¿Qué es la precipitación continua?
La precipitación continua es lluvia o nieve que cae de forma sostenida e ininterrumpida durante varias horas, asociada a sistemas frontales y nubes estratiformes extensas. Su intensidad suele ser moderada y uniforme, a diferencia de los chubascos convectivos que son breves e intensos. En España es el tipo de precipitación más común durante el paso de borrascas atlánticas.
¿Cómo se produce?
La precipitación continua se origina en nubes estratiformes de gran extensión horizontal, principalmente nimboestratos y altoestratos. Estas nubes se forman por ascenso lento y generalizado del aire, típicamente asociado a frentes cálidos, frentes fríos de desplazamiento lento o borrascas atlánticas bien organizadas.
El mecanismo de ascenso es diferente al de la convección. En lugar de corrientes ascendentes rápidas y localizadas, el aire sube suavemente sobre una gran superficie (cientos de kilómetros). Este ascenso lento produce nubes extensas pero de desarrollo vertical moderado, lo que genera precipitación de intensidad baja a moderada pero muy persistente.

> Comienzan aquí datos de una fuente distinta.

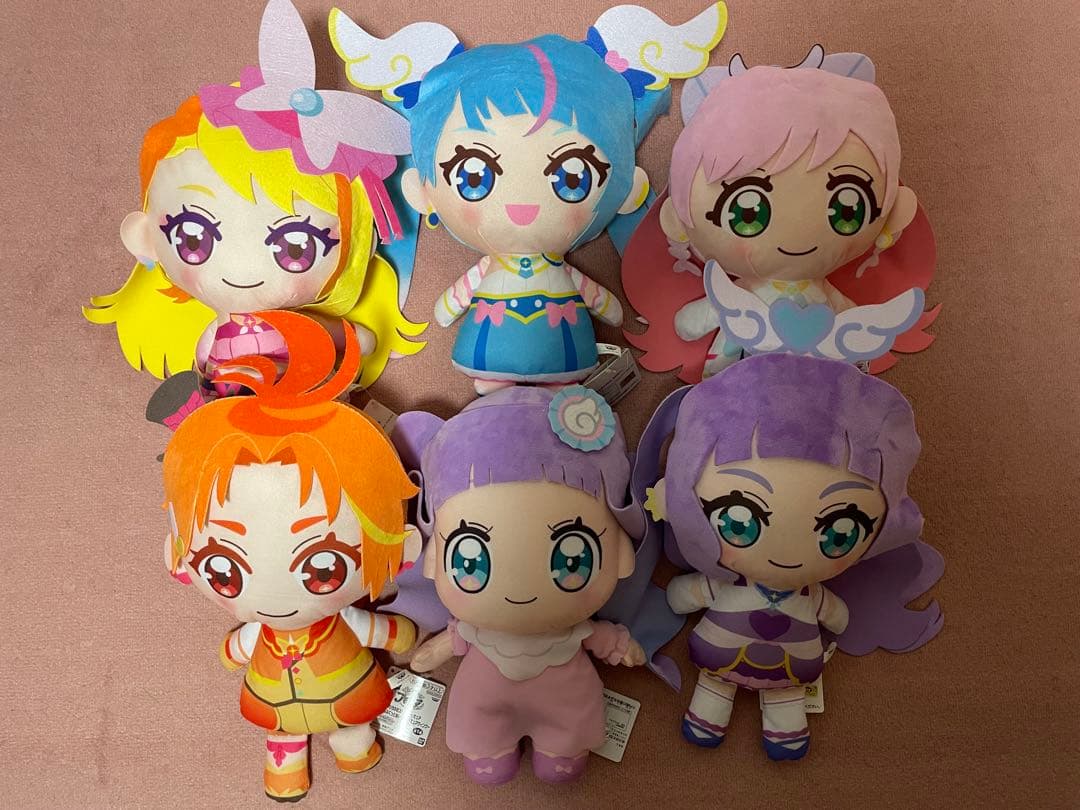 プリキュア ぬいぐるみ 29体 まとめ売り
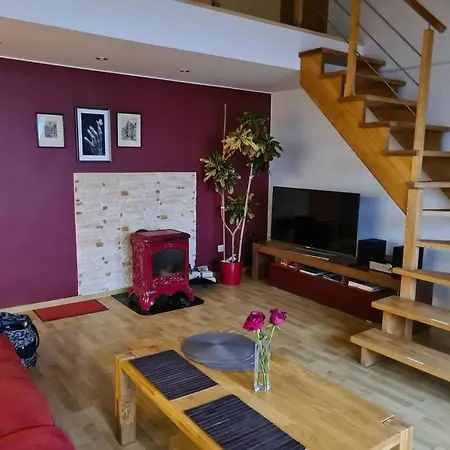דירה 3 Bd Spacy Centrum 110m2 קובנה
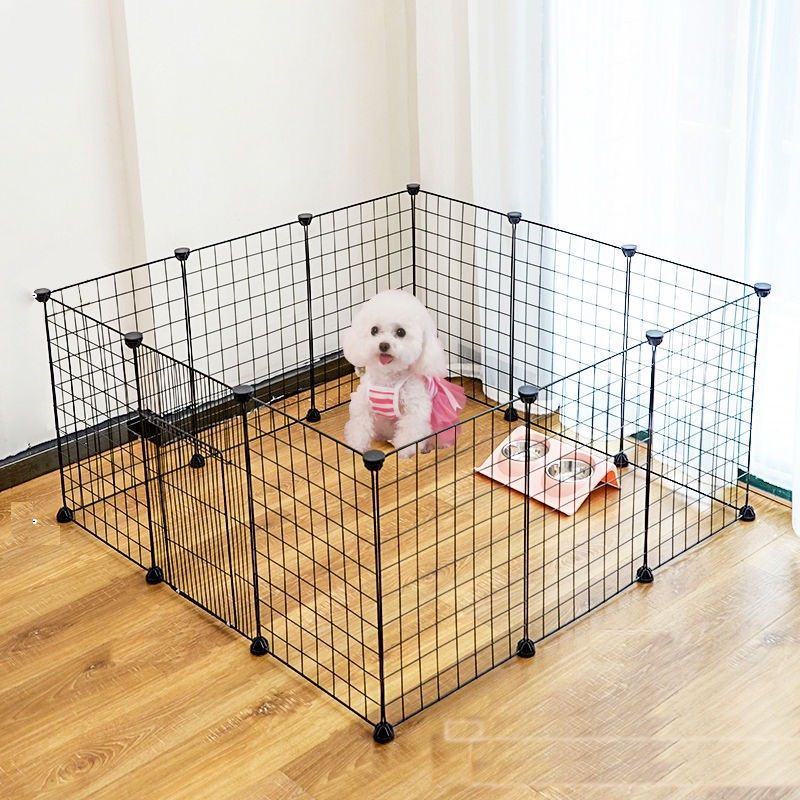 Tấm Sắt ghép chuồng chó mèo, Tấm quây chuồng Chó Mèo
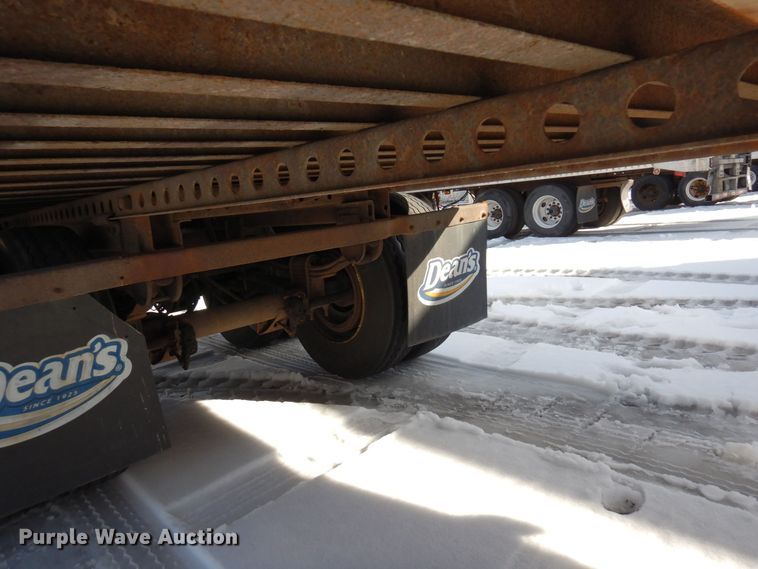 image for item DK2166 2006 Great Dane  refrigerated van trailer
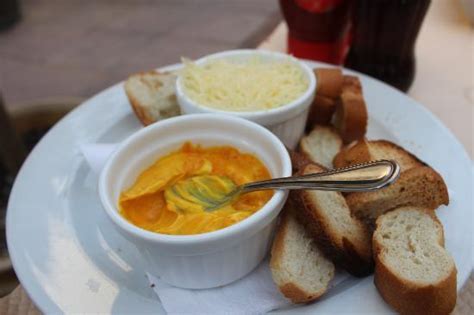 Accompagnement soupe de poisson Photo de Santa Maria Calvi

Un frente cálido típico produce precipitación continua durante 6-12 horas sobre una franja de 200-400 km de ancho. El aire cálido asciende sobre la cuña de aire frío superficial, generando una secuencia de nubes cada vez más bajas y espesas: primero cirros, luego cirrostratos, altostratos y finalmente nimboestratos, que son los que producen la precipitación sostenida.
Los frentes fríos de desplazamiento lento también pueden generar precipitación continua prolongada. En el noroeste peninsular, los trenes de borrascas atlánticas pueden mantener precipitación continua durante 2-3 días con breves pausas.
¿Por qué es importante?
La precipitación continua es la principal responsable de llenar los embalses españoles. Aunque su intensidad es moderada (2-8 mm/h típicamente), su duración de muchas horas o días permite acumular cantidades importantes: 30-80 mm en un episodio frontal son habituales.
Al ser uniforme y moderada, el suelo tiene tiempo de absorber el agua, favoreciendo la infiltración y la recarga de acuíferos. Sin embargo, cuando el suelo está saturado por lluvias previas, incluso la precipitación continua moderada puede causar inundaciones fluviales al mantener un aporte constante a los ríos.
Ejemplos prácticos
- Borrasca atlántica invernal: un frente cálido llega al noroeste peninsular a las 06:00 y produce lluvia continua moderada (3-5 mm/h) durante 10 horas. Acumula 40 mm, alimentando los ríos gallegos.
- Nevada continua en montaña: un frente estacionario en el Pirineo produce nieve continua durante 24 horas a ritmo de 2-3 cm/h, acumulando 50-70 cm de nieve nueva.
- Diferencia con chubascos: mientras un chubasco descarga 20 mm en 15 minutos y para, la lluvia continua puede dejar los mismos 20 mm repartidos uniformemente en 4 horas.